Whether its building a brand new piece of furniture to customer specifications or restoring an antique chair that’s 220 years old, Jim Cox wants to make sure the job is done right the first time.
“With new furniture my main focus is to give the customer something that will one day become an antique — something that will still be in use a hundred years from now,” Cox said.
Cox’s business, Clean Shavings Woodworking, is only 10 years old, but he has already earned a reputation among Coulee Region home and business owners — as well as artists — as a master craftsman. Cox and his wife moved to West Salem in 1999. He began working full time on his woodworking about a year later.
“Now I don’t know what else I’d do,” he said. “We like it here — people have been nice to us.”
At first Cox concentrated mainly on custom-made quality furniture. That was a natural direction for him since, before moving to West Salem, Cox worked for a Manitowoc firm that made tabletops out of rare and beautiful woods. Of the highest quality, they sold for $35,000 to $40,000 each. Customers included the Pentagon, the White House and Bill Gates.
Besides learning how to work with some of the finest woods in the world, Cox said he learned a lot about a commitment to excellence. “If we had one little scratch it had to be redone — no matter how many weeks we’d spent on the project. Whatever you do, you need to take pride in your work because, if you don’t want to do your job right, somebody else will.”
Cox likes the process of planning what a piece of furniture will look like. “I enjoy working from a blueprint and any new furniture I make gets a lifetime guarantee,” he said. “I will contribute my own ideas, but I’ll work with customers. If they have a $200 budget I’ll find the best wood I can for that price.”
Using his creativity is the attraction when Cox builds new furniture. “I enjoy pushing the envelope of designs by making something just a little bit different,” he said. “Anybody can make a jewelry box, but curves or 3-D effects are what I enjoy.”
Cox said the strangest request he ever had was when he was asked to design a coffin for a dog. “And the woman who asked me to do it showed up to pick it up riding a Harley,” he added.
During the first few years of his business Cox said about 75 percent of his work was building custom furniture and 25 percent was restoration of old furniture. Today, those percentages have reversed. “Restoration gives me a lot of pleasure. It’s funny how much money people will spend on restoration,” he said. “Lots of time it would be much cheaper to buy new, but then the new stuff would not have the same sentimental value.”
He also mentions something he calls the “craftsman’s advantage.” Today, he said, “people are looking more at quality than quantity. My business has been really good. The biggest thing is letting people know you are out there. Sometimes it’s hard to compete with overseas manufacturers, but I wonder what happens when you have a problem with your furniture. When you work with a craftsman you shake their hand. People like to meet with the person who made their product.”
Doing restoration work on chairs that people buy at auctions or antique stores has become a big part of Cox’s job. “I make parts if I can’t find them. I spend a lot of time with a lathe. There’s not many people doing what I do — or many who even want to! Most of those people who did are dead now,” he said with a laugh.
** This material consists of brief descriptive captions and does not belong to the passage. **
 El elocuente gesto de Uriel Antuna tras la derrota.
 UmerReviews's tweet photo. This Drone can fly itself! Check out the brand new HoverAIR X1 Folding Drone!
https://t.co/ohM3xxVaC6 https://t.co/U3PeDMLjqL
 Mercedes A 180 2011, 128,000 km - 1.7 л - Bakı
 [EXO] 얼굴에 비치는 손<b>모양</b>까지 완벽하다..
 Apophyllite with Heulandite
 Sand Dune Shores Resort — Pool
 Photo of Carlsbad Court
Recently, Cox has been taking on the job of restoring office furniture. “New office furniture is not cheap. For about a fourth of the cost of new furniture I can make things look new again,” he said. For jobs like that, Cox will usually have to work on site.
Regularly donating time to high school and middle school kids is also a part of Cox’s life. “I try to show them what you can do and build with your hands. Working with your hands in any way is getting to be a lost art,” he said.
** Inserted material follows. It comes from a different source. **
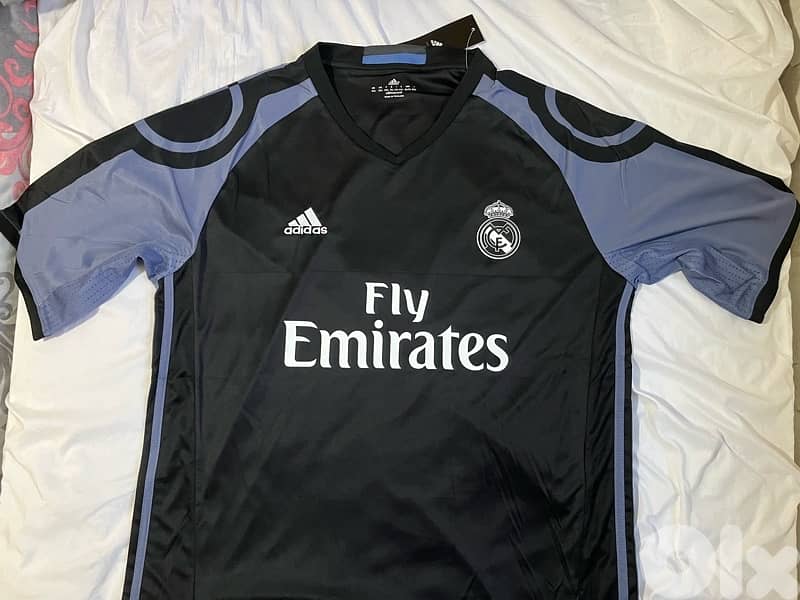 Real Madrid 2017 third adidas kit RONALDO 7 0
When Cox was in high school, he had a brush with death that changed his outlook on life. About a week before his senior graduation he was involved in an accident at a small manufacturing plant. A 55-gallon drum that everyone thought was filled with water (inside was a flammable naptha cleaning solution) exploded when a welding torch got a little too close
Thrown 30 feet by the blast, Cox suffered third-degree burns over 70 percent of his body. He got his high school diploma in the hospital and it took years for him to recover. He said the determination it took for him to recover has helped him realize the importance of setting goals as well as reminding him that you can’t take things for granted.
Before he moved to West Salem he worked as an emergency medical technician and it appears he soon will be doing so again. He has just signed up for an EMT course at WWTC that will enable him to become a one of West Salem’s First Responders.
“I’m looking forward to it,” he said. “I was given a second chance in life, so I figure I owe somebody.”